Iridoros slapped him on the arm, and Euclides laughed, advancing on him. Iridoros’ lips were trembling under Euclides’ as he kissed the messenger and tasted his tongue, tasted the sweat from his face clinging to his lips. He scent of ozone was thick between them, and felt gathered between their lips.

“I haven’t laid down my message,” said Iridoros.

“I sent the message, Menelaus acting on my behalf,” said Euclides. “The message was only: I come here, gladly, to be fucked before the open skies.”

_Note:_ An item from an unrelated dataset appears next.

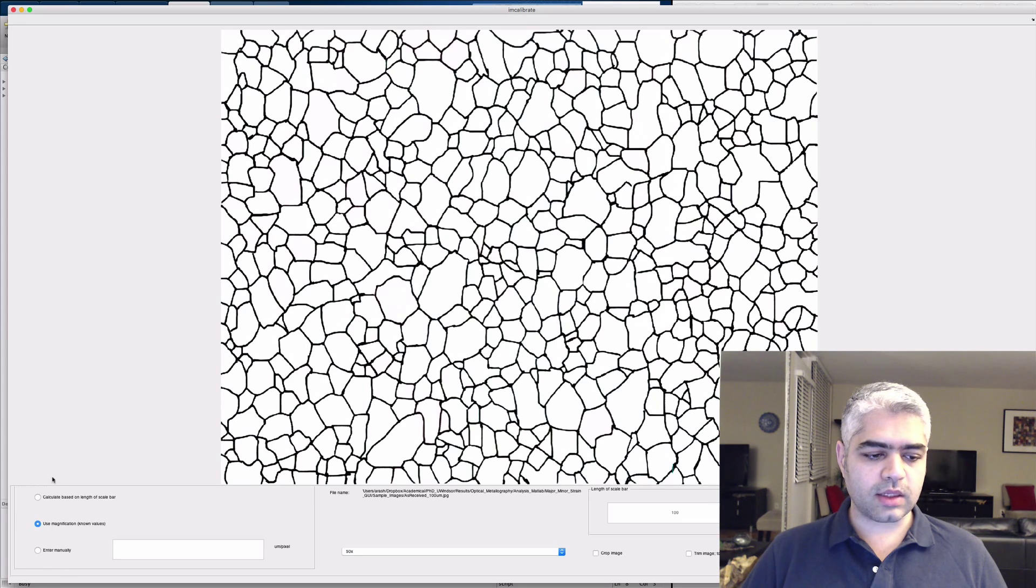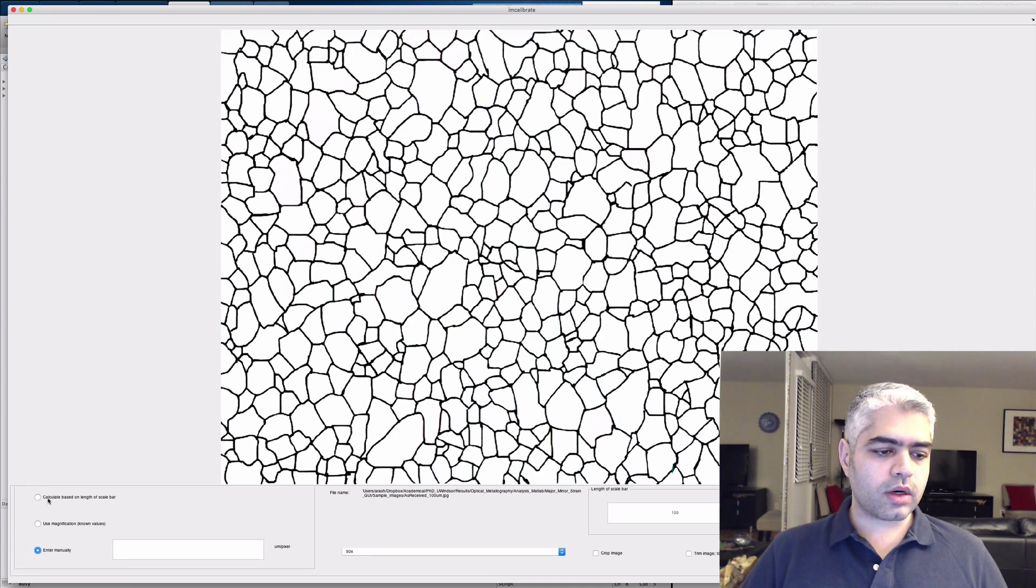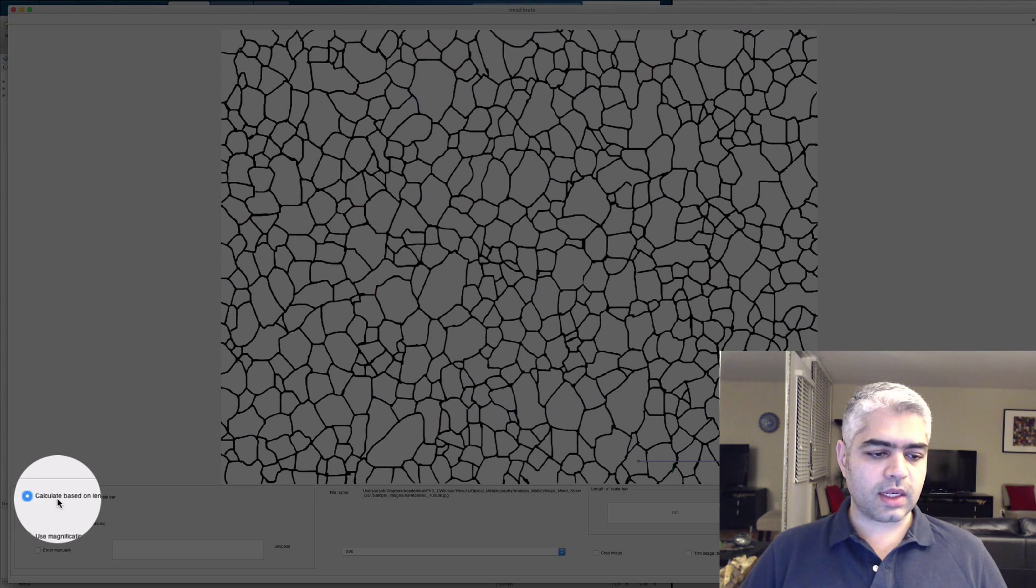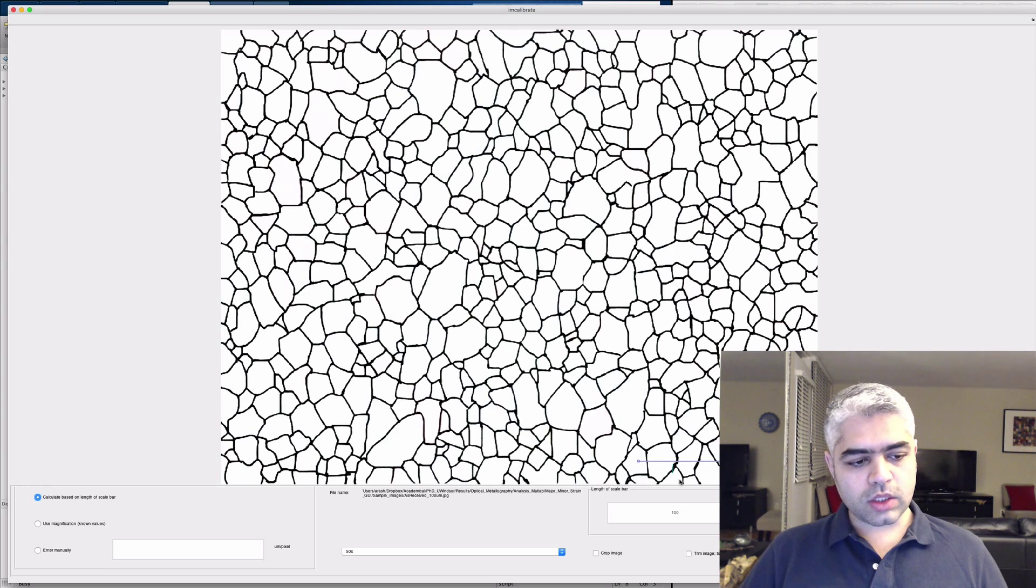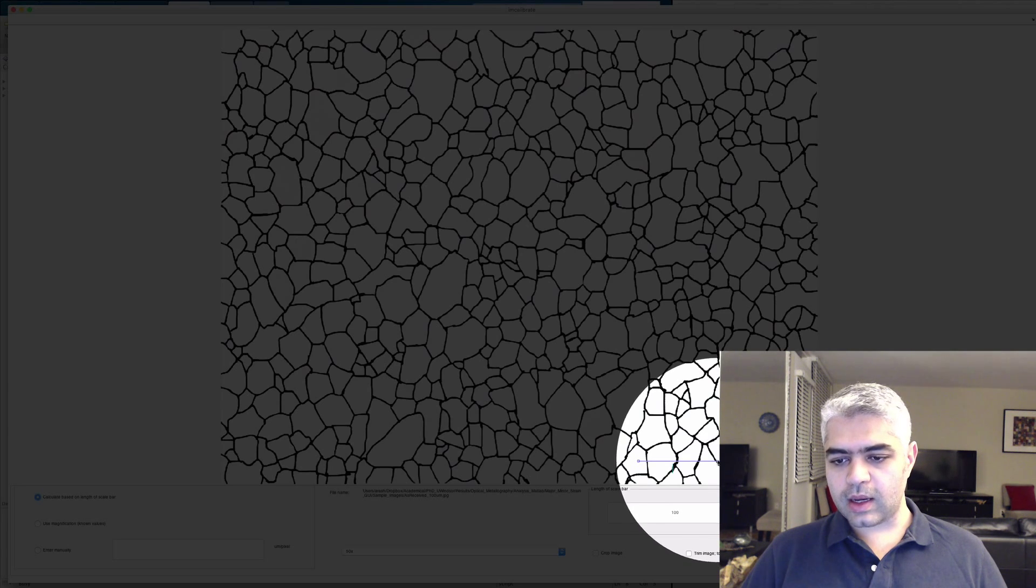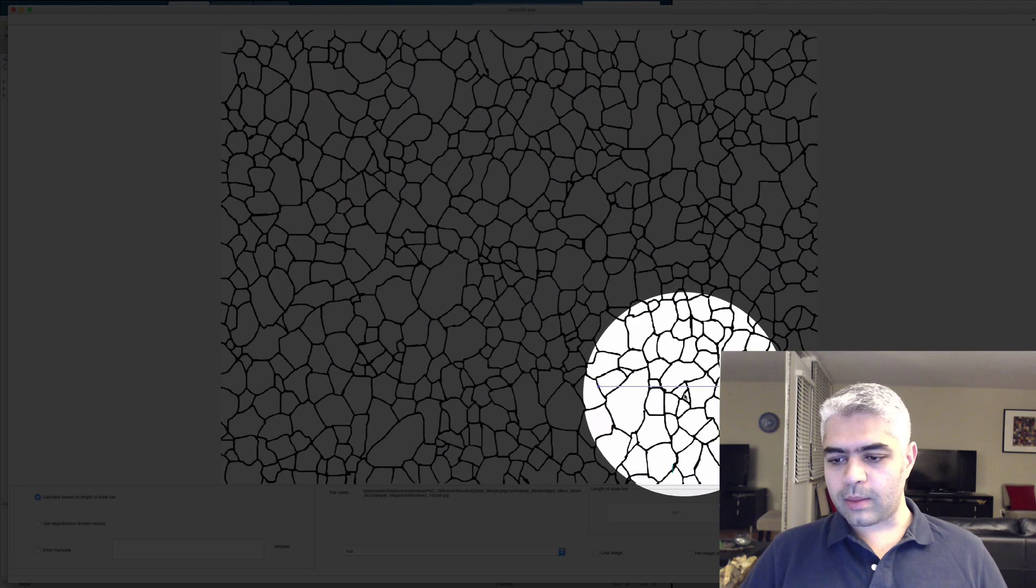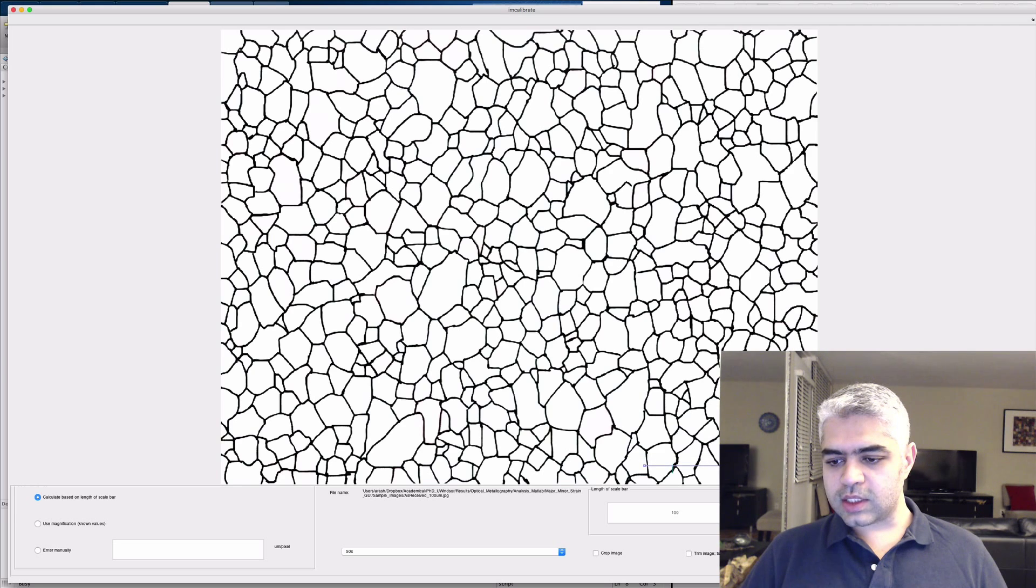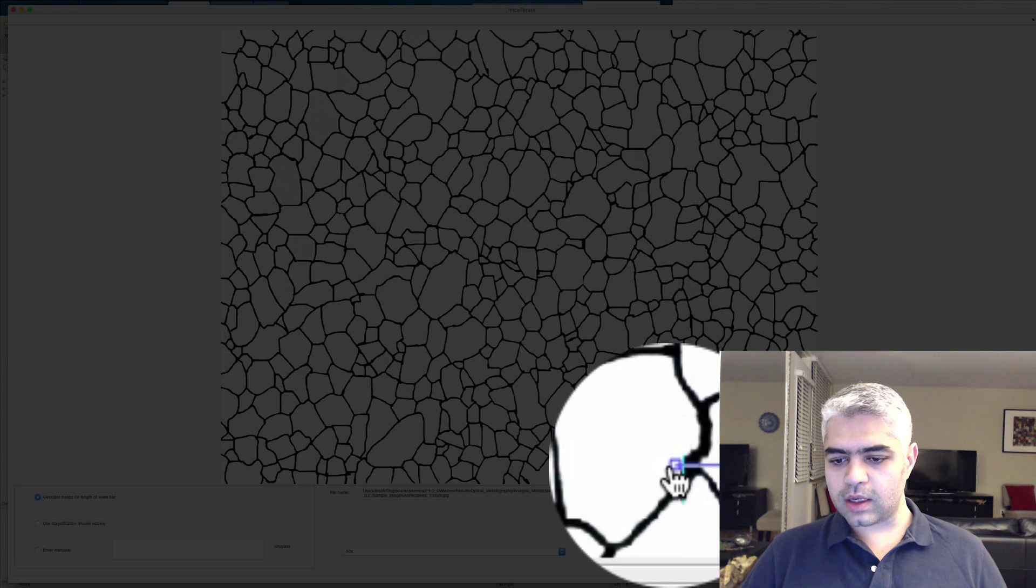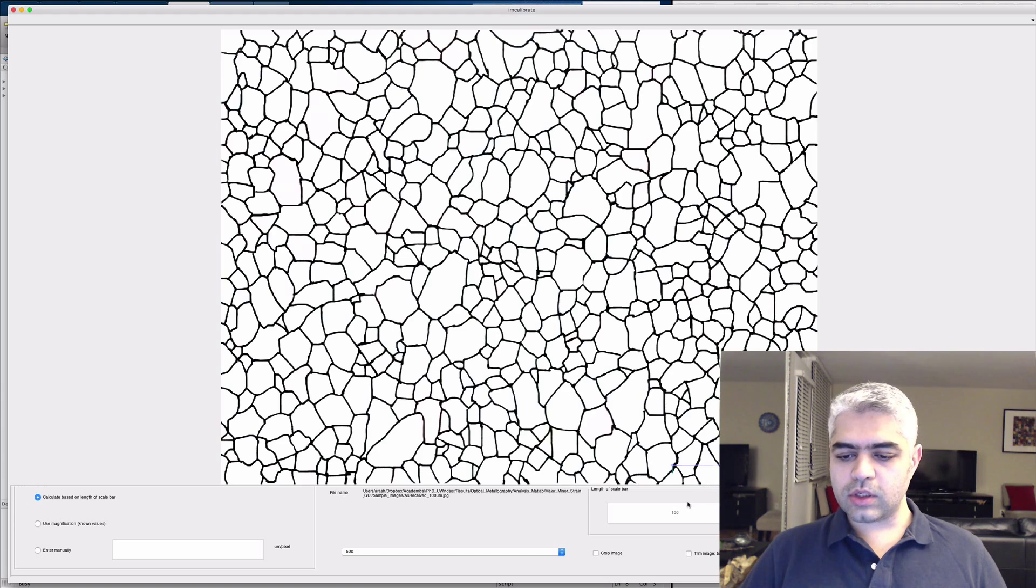Either manually micrometers per pixel, or using the calculated based on the length of the scale bar. Once you click on this, you're going to have this blue bar appear. You need to adjust it, place it at one side of the scale bar, and resize the other part.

“Oh,” said Iridoros, and laughed. His thighs were shivering, his knees weak, but he nonetheless clumsily wrapped his legs around Euclides’ waist and pulled him closer. “Fucked twice, didn’t it say?”

“It didn’t specify.”

“What if it did?”

“It didn’t.”

Iridoros sighed emphatically, gripping Euclides by the jaw and looking him in the eye. “Yes, alright,” he said, patiently impatient. “And what if it did?”

Euclides smiled at him, stroking a thumb up and down his side. “Let me tie up your hair first,” he said quietly. “Keep it from getting tangled.”

“How chivalrous of you — revolting,” Iridoros said. “Alright. Tie my hair up, Euclides of Laconia, Son of Zeus, and then fuck me once again.”

“And I have other offerings to make as we — ”

Euclides,” Iridoros whined, and Euclides, laughing, set about making his new messenger, sun-kissed and lightning-touched, happy.